Return every line from the one with "Кроссовки мужские Nike air Monarch" through the one with "Breslauer Zeitung. Jg.70, Nr.", inclusive, exactly as it appears below.

Records drawn from a dataset
......

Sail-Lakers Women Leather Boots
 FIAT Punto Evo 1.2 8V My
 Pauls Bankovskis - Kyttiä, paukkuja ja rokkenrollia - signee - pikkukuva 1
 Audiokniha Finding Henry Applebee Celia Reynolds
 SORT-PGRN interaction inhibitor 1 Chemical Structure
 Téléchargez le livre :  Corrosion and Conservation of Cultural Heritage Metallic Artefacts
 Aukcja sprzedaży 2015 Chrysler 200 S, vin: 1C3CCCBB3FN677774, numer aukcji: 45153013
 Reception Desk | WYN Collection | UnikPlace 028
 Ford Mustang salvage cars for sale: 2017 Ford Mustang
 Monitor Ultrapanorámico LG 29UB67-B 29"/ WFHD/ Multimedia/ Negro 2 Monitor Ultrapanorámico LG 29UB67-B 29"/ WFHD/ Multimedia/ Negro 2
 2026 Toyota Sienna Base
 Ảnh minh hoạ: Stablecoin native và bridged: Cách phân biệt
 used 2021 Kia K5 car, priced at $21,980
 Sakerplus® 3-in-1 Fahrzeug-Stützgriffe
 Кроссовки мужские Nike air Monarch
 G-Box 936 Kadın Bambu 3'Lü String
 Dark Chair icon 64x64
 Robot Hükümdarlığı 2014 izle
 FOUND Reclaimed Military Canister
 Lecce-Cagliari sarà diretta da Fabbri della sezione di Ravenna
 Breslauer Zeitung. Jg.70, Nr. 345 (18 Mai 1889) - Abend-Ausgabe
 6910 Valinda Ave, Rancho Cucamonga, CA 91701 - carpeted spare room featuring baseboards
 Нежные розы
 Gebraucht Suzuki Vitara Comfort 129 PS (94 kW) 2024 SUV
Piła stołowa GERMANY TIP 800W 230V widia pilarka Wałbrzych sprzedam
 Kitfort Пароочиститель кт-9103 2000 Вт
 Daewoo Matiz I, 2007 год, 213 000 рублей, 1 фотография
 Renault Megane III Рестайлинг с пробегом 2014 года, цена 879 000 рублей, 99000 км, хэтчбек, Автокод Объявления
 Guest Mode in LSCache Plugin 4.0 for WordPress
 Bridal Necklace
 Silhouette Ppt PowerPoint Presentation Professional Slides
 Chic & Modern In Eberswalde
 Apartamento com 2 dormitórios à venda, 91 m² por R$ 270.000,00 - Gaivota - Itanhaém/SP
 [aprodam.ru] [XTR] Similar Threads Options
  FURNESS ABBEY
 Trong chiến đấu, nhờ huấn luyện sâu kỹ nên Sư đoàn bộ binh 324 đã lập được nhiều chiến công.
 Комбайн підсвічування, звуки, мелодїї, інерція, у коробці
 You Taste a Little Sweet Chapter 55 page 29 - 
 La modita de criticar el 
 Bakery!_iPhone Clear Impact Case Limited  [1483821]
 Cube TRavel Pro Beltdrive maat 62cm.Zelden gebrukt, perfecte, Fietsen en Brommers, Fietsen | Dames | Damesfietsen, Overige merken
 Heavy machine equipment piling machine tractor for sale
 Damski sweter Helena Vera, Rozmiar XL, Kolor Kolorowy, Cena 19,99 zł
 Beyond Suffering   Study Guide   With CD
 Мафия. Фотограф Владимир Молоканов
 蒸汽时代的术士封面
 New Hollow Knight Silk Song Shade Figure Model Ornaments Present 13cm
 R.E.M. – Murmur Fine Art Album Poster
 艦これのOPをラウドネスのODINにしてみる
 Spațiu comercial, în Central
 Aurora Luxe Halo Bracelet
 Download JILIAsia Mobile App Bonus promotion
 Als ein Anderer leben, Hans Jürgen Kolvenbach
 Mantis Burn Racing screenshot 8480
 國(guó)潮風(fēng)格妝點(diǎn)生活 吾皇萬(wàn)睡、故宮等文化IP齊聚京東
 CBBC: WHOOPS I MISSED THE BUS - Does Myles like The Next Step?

......

(YOUR SOLUTION):
 Кроссовки мужские Nike air Monarch
 G-Box 936 Kadın Bambu 3'Lü String
 Dark Chair icon 64x64
 Robot Hükümdarlığı 2014 izle
 FOUND Reclaimed Military Canister
 Lecce-Cagliari sarà diretta da Fabbri della sezione di Ravenna
 Breslauer Zeitung. Jg.70, Nr. 345 (18 Mai 1889) - Abend-Ausgabe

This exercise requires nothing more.